From the outside she didn’t look any different. Inside, she knew she was changed yet again. The disappointment in his voice scooped out the pleasure and left it with the sawdust on the ground.

“I don’t know what to say to make you understand why I did what I did.”

“I was all the way in. And now I just don’t know.” He tipped his head back. “Now all I see are the things that need to be done. And all the return we’ll never get.”

She clenched her fists. Return on the business or them? “Don’t you have any faith?”

“I thought I did.”

She crossed her arms over her chest and backed out of the barn. How was she supposed to have enough faith for both of them when she was teetering on the edge alone?

She wanted to believe that she and Shane made sense, that they could pull the Heron out of the mire with faith alone, but what if he was right? What if it was smarter to sell and start over somewhere else?

Maybe she should let someone else shoulder the burden and find a job where she could put her managing skills to work without the responsibility of ownership.

She climbed the side stairs and heard her mother singing in the kitchen. She bypassed that route and headed for her bedroom. She quickly cleaned up, her insides still reeling from the sex and their confessions.

Before she could change her mind, she called Bells, and they agreed to meet in town. She backed her Outback down the drive and out to Heron Way. She needed someone else’s point of view.

Kendall bustled into the pizza place, elbowed her way to the counter, and ordered a pie before she claimed a booth against the window. Bells waved to her and wove her way through the Friday-night crowd.

“How’d you get a booth?”

“There might have been snarling involved.”

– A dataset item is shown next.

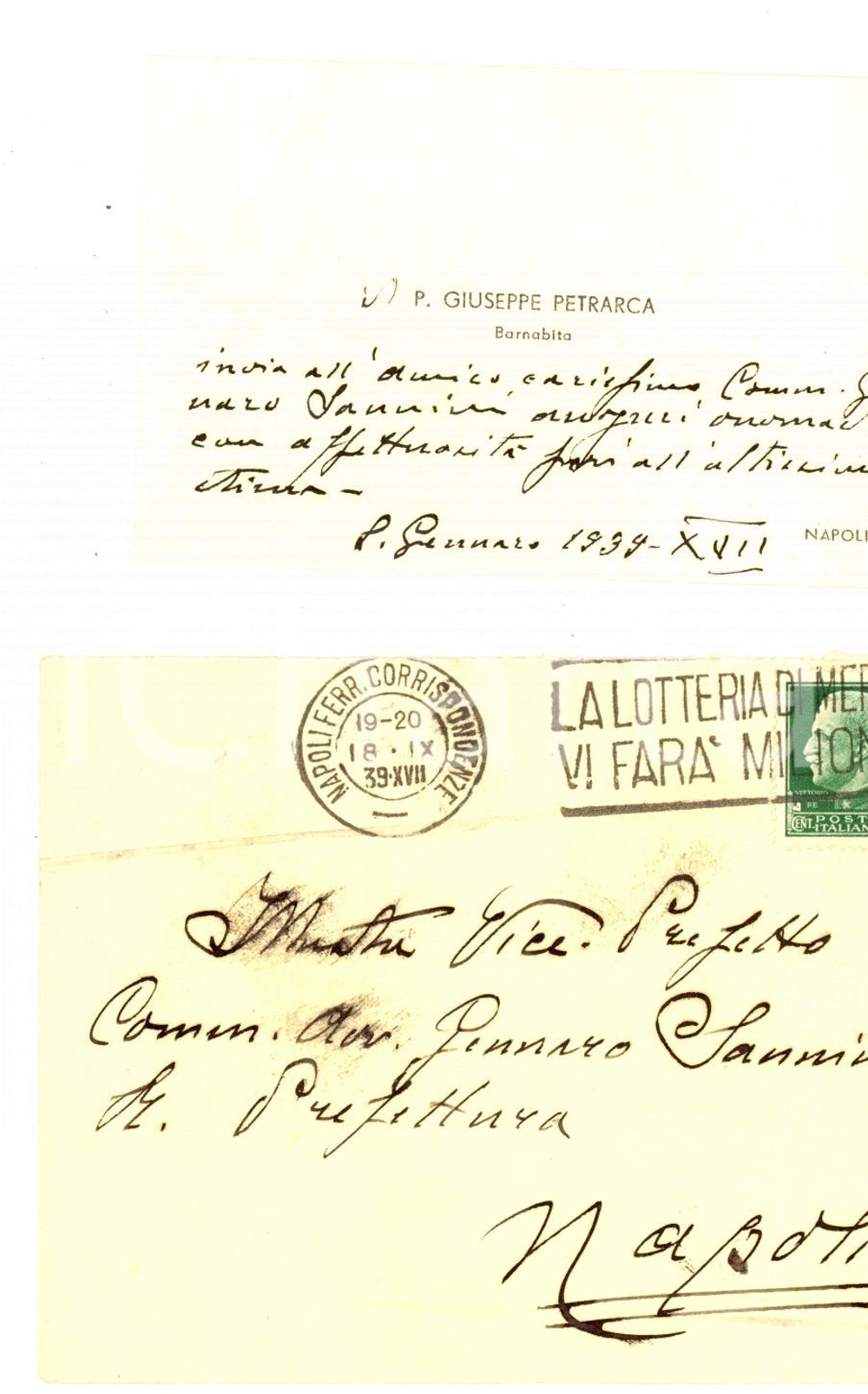 Autografo originale 1939 NAPOLI Biglietto da visita padre Giuseppe PETRARCA barnabita Autografo 1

Bells flipped her thick red hair over her shoulder and quickly braided the end to keep it under control. She waved two fingers in the air at the waitress, and two Stellas landed on the table.

It was good to be a regular.

“Okay, spill it, sister. You have scruff burn on your neck, and you look miserable. Orgasms are supposed to end with sighs, not cries.”

Kendall shook her head. “Knowing someone from second grade sucks sometimes.”

Bells grinned and took a sip from her beer. “I’m jealous. Do you know how long it’s been since I’ve even had a whiff of whisker burn?”